» Instructions for the task:
Pictures stay out of the output. Return exactly the lines below from the one with "Kaiserwetter im Tennengebirge" down to the one with "Bandai Rg 1 144", both included, and nothing more.

» Data records:
※

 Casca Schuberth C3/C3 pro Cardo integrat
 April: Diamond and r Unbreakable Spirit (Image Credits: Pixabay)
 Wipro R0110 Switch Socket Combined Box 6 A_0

※

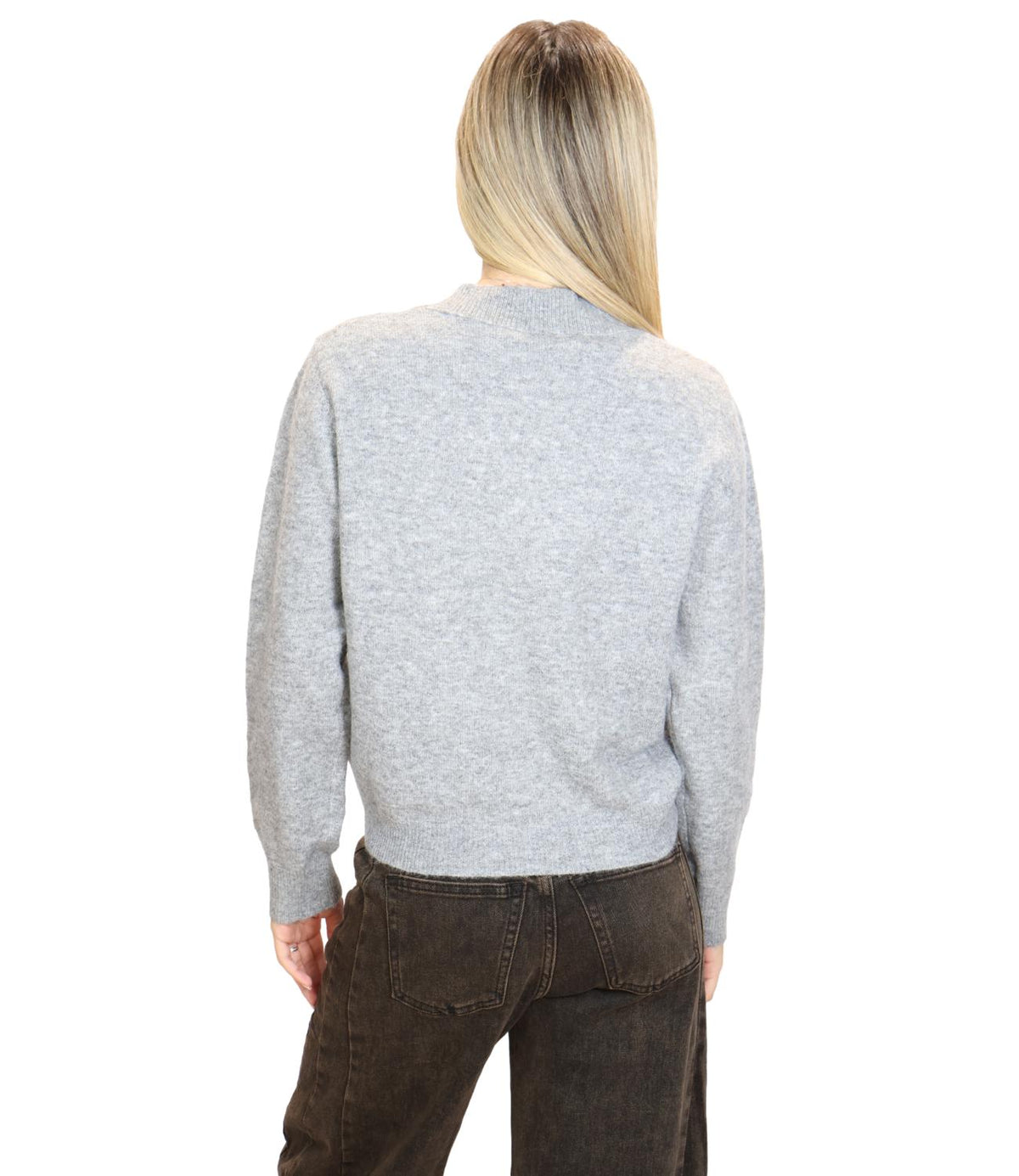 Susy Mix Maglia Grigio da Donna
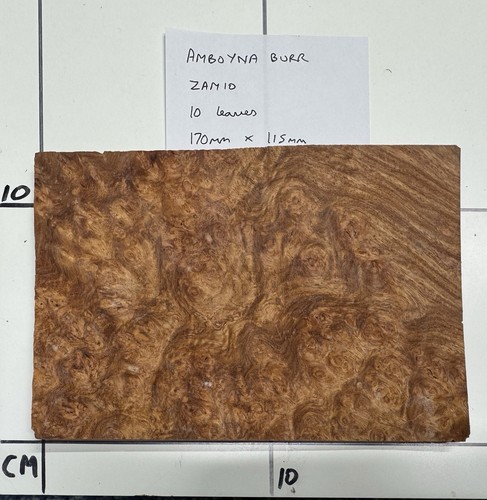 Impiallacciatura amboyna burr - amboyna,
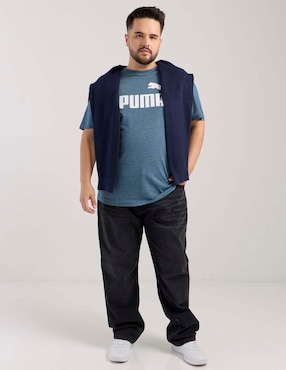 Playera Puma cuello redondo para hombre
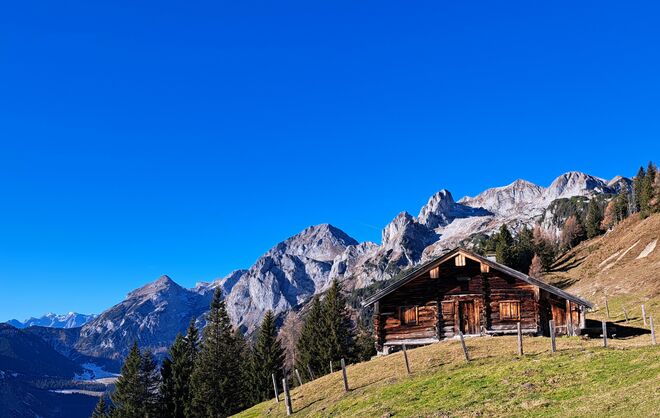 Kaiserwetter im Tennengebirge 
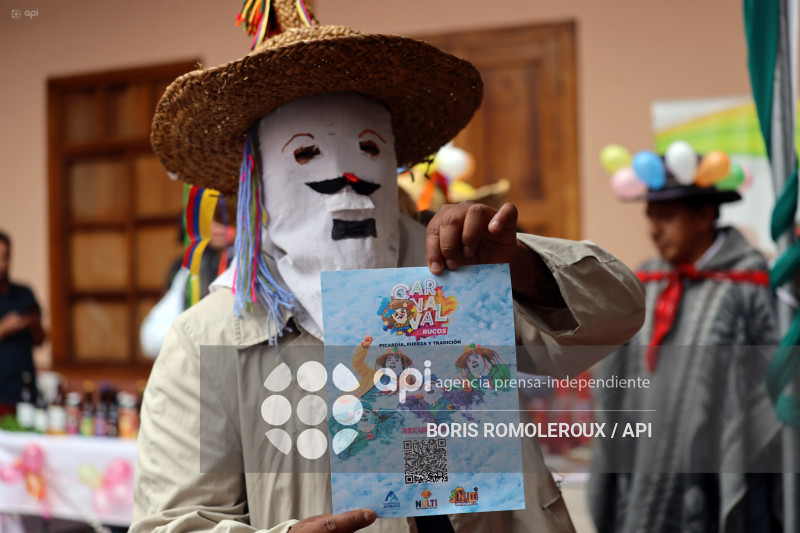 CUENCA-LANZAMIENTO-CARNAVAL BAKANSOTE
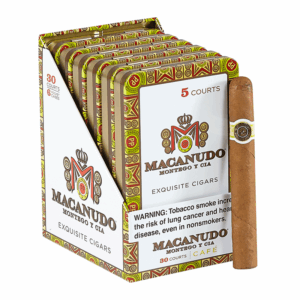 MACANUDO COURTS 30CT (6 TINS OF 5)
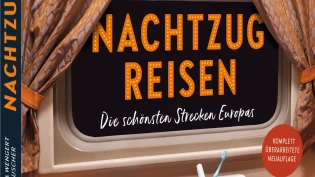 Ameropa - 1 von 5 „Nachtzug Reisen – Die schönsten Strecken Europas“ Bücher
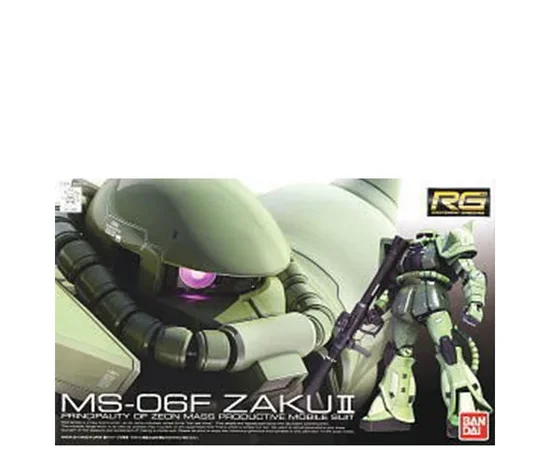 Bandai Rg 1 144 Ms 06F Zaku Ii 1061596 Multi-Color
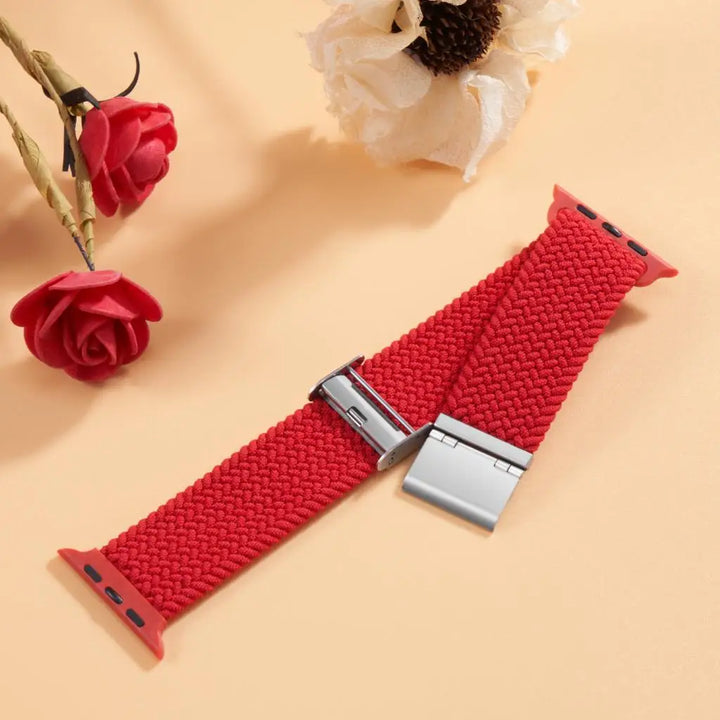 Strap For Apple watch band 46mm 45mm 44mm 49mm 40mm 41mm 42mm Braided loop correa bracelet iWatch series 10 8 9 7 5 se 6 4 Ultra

※

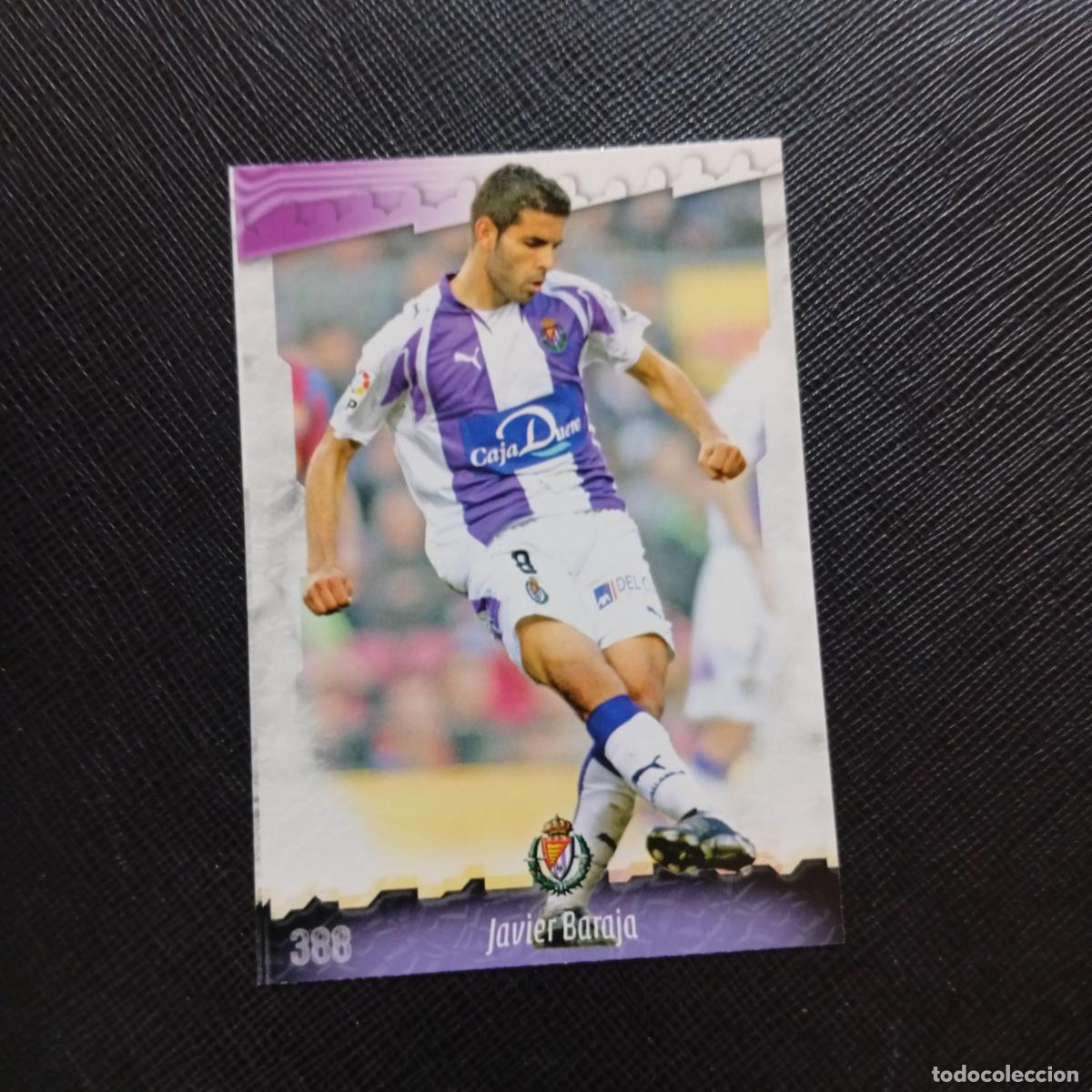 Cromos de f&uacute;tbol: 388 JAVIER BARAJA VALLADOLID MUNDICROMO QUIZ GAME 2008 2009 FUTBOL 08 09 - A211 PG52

※

» Completed exercise:
 Kaiserwetter im Tennengebirge 
 CUENCA-LANZAMIENTO-CARNAVAL BAKANSOTE
 MACANUDO COURTS 30CT (6 TINS OF 5)
 Ameropa - 1 von 5 „Nachtzug Reisen – Die schönsten Strecken Europas“ Bücher
 Bandai Rg 1 144 Ms 06F Zaku Ii 1061596 Multi-Color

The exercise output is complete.